Au fur et au mesure de la progression française vers l'hinterland du Sénégal et du Niger, lorsque d'autres sociétés fulɓe devinrent importantes pour les observateurs coloniaux, on compara celles-ci avec ce pôle de références symboliques que fut le Fuuta-Tooro. Au début du XXe siècle, la reconstruction de l'histoire du Fuuta sénégalais se trouva au centre du projet de mise en valeur des sources de l'histoire africaine entrepris par les administrateurs Gaden et Delafosse. Cependant ce travail explore comment ces représentations se modifiaient sous l'influence des renseignements qui parvenaient du haut Sénégal et du Soudan (où les Français se trouvèrent en contact avec les Fulɓe du Khasso, du Kaarta et du Maasina), du Fuuta- Jaloo, mais aussi, par le bais des voyageurs anglais, du Sokoto et du Bornu.
Le cadre géographique du Fuuta-Tooro correspondait au fil conducteur que suivait notre recherche ; nous nous référions mentalement aux images de ses villes, Podor, Ndioum, Matam, Kanel, à ses paysages qui se déroulent le long de la route vers Matam, aux personnes qui répondaient, avec patience, à nos questions et nous offraient leur hospitalité et leur bienveillance. Nos remerciements vont à Aboubakri Dem à Dakar, à El Hadj Baaba Sakho, à Boubou Sall, à Demba Tall, à Abdoul Ba, à Mohammed Ibrahima Wone (Podor). L'aide de Touradou Gueye de Podor, de Mammadou Habib Kamara, d'Abdoul Khoudousse Kamara de Matam, de Gata Ba de Saint-Louis nous fut précieuse pour obtenir quelques « graines de savoir » sur Cheikh Moussa Kamara que sa famille a bien voulu nous offrir. Nous gardons le souvenir des entretiens avec Cheikh Abdou Salam Kane à Kanel et avec Bouna Kane à Dakar. Notre pensée affectueuse s'adresse à Mohammed Bokar Sy à Ndioum, à Ibrahima Séri Ba Thioub à Matam, connaisseurs profonds de l'histoire. A Dakar, nous avons eu la chance de rencontrer Amadou Ali Diop alias « Doudou Gaden» qui passa une partie de son enfance dans la maison d'Henri Gaden à Saint-Louis. Parmi les entretiens les plus émouvants restent les conversations avec Abdoul Souley Ba que nous avons rencontré à Dakar : il avait bien connu Gaden, mais était surtout comme un livre généreusement ouvert sur le passé du Fuuta. El Hadj Baaba N'Diongo, imam de la grande mosquée de Mboodegne à Podor, nous a offert son hospitalité et aussi la possibilité d'une réflexion plus complexe sur l'histoire de la population de cette ville. Ces personnes nous marquèrent par leur charisme et par la relation profonde qu'elles entretiennent avec leur passé et avec leur terroir.

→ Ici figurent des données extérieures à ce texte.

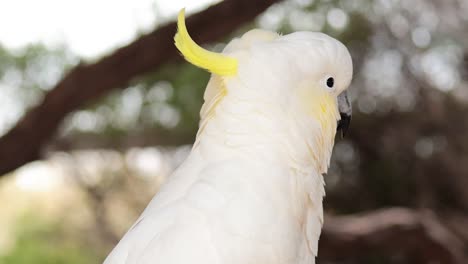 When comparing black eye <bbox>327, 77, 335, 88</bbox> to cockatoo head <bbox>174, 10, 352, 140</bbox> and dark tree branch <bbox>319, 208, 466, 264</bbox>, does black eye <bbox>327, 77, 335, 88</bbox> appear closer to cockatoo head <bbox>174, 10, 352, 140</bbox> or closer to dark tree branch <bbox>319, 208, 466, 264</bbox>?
cockatoo head <bbox>174, 10, 352, 140</bbox>

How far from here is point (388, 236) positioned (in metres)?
2.41

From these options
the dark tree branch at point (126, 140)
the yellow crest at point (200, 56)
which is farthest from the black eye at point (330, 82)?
the dark tree branch at point (126, 140)

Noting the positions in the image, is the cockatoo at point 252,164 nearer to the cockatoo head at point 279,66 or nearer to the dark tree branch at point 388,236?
the cockatoo head at point 279,66

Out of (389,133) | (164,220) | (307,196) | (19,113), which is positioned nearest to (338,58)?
(307,196)

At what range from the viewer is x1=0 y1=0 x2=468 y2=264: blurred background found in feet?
8.31

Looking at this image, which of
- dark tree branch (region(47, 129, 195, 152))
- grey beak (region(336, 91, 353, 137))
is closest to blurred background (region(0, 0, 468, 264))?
dark tree branch (region(47, 129, 195, 152))

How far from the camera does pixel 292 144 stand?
39.8 inches

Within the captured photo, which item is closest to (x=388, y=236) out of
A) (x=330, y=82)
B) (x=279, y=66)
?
(x=330, y=82)

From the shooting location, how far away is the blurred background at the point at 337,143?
2.53 meters

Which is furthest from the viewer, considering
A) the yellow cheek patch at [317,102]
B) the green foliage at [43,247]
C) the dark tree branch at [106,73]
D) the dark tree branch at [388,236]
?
the green foliage at [43,247]

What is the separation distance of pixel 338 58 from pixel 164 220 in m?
0.38

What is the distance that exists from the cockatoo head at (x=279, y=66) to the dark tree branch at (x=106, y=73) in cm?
83

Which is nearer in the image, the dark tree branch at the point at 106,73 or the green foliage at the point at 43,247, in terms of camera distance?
the dark tree branch at the point at 106,73

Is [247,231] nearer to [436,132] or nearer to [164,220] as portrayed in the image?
[164,220] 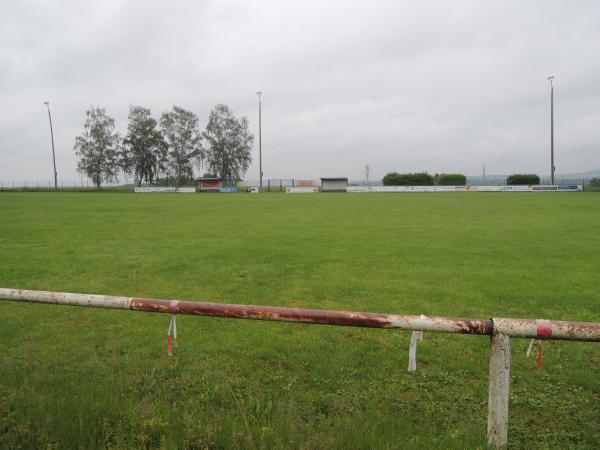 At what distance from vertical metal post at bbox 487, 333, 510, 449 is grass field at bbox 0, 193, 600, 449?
0.61ft

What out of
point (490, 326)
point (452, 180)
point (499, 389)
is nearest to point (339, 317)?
point (490, 326)

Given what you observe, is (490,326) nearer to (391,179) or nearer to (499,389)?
(499,389)

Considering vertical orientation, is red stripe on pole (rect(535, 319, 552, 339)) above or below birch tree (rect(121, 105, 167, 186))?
below

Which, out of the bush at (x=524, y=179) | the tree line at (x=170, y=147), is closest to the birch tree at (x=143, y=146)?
the tree line at (x=170, y=147)

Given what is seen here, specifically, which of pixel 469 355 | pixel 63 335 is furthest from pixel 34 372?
pixel 469 355

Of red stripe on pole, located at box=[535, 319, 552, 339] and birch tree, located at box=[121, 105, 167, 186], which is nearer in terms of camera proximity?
red stripe on pole, located at box=[535, 319, 552, 339]

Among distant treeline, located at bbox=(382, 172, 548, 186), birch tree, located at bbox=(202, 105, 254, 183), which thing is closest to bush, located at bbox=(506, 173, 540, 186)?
distant treeline, located at bbox=(382, 172, 548, 186)

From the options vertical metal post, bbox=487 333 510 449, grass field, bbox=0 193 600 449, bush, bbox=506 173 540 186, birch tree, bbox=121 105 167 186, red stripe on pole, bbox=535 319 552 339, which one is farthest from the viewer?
birch tree, bbox=121 105 167 186

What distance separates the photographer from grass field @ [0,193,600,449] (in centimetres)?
266

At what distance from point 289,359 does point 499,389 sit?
223cm

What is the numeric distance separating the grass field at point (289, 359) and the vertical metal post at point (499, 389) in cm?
18

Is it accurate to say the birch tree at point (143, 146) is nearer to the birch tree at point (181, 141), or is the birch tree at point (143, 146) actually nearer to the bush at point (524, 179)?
the birch tree at point (181, 141)

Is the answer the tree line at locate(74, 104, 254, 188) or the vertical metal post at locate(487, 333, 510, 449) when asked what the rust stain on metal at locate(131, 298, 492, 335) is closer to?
the vertical metal post at locate(487, 333, 510, 449)

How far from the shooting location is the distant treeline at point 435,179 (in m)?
58.9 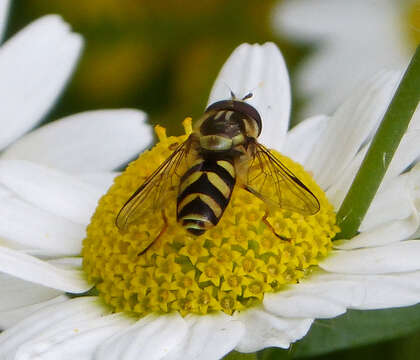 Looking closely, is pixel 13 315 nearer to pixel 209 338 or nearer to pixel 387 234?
pixel 209 338

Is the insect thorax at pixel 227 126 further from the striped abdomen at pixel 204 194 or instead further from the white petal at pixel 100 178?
the white petal at pixel 100 178

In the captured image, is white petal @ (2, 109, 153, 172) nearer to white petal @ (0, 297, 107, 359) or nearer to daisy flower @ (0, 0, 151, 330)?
daisy flower @ (0, 0, 151, 330)

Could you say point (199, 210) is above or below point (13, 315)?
above

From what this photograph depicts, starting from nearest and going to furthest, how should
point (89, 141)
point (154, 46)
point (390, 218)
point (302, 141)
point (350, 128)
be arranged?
1. point (390, 218)
2. point (350, 128)
3. point (302, 141)
4. point (89, 141)
5. point (154, 46)

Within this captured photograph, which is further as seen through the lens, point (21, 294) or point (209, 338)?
point (21, 294)

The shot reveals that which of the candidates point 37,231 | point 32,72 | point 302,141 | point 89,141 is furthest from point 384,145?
point 32,72

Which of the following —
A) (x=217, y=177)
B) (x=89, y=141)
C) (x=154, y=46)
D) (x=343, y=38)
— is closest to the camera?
(x=217, y=177)

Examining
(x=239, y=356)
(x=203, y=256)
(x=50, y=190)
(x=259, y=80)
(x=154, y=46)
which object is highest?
(x=154, y=46)

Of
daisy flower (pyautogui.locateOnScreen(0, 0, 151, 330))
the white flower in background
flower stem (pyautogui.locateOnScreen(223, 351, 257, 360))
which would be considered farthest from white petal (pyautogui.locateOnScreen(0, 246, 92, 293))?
the white flower in background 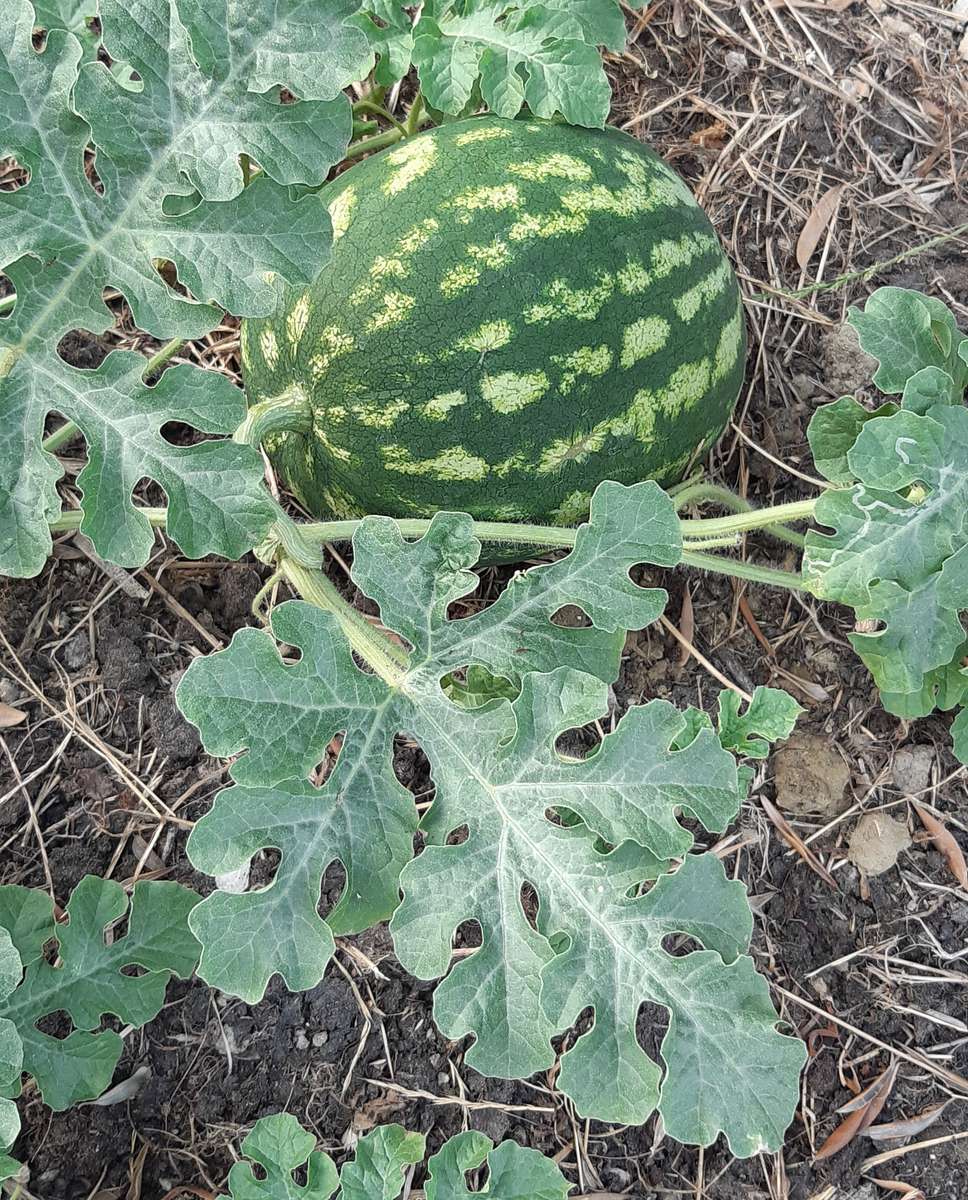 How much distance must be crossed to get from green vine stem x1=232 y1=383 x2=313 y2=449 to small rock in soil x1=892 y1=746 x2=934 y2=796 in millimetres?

Nos entretiens avec nos hôtes sur leur vécu « au temps des Français » mirent en évidence l'importance de la représentation de l'espace dans ces souvenirs (les images des lieux investis par le pouvoir administratif colonial et interdits d'accès, les frontières qui séparaient les Blancs et les Noirs, autrement dits, les violences qu'avaient subies les découpages familiers de l'espace et des rapports humains). Ces récits confirment l'analyse de la société coloniale en tant que ré-appropriation de l'espace concret et symbolique 16. Les documents relevant de la correspondance administrative (correspondance du Commandant de cercle de Podor, sous-série BD ; les rapports périodiques, sous-série 2G ; les Dossiers personnels (sous-série 1 C), les Affaires musulmanes (série 19G) que nous avons consultés (pour la période de la fin du XIXe aux années 1930-1940) aux Archives nationales du Sénégal à Dakar évoquent le même souci de contrôler et de dominer les espaces public et privé des administrés. Nous interpréterons donc le processus de la fabrication de « l'ethnicité » peule comme le résultat du changement des distances entre colonisateurs et colonisés au cours de l'installation progressive de la France en Sénégambie.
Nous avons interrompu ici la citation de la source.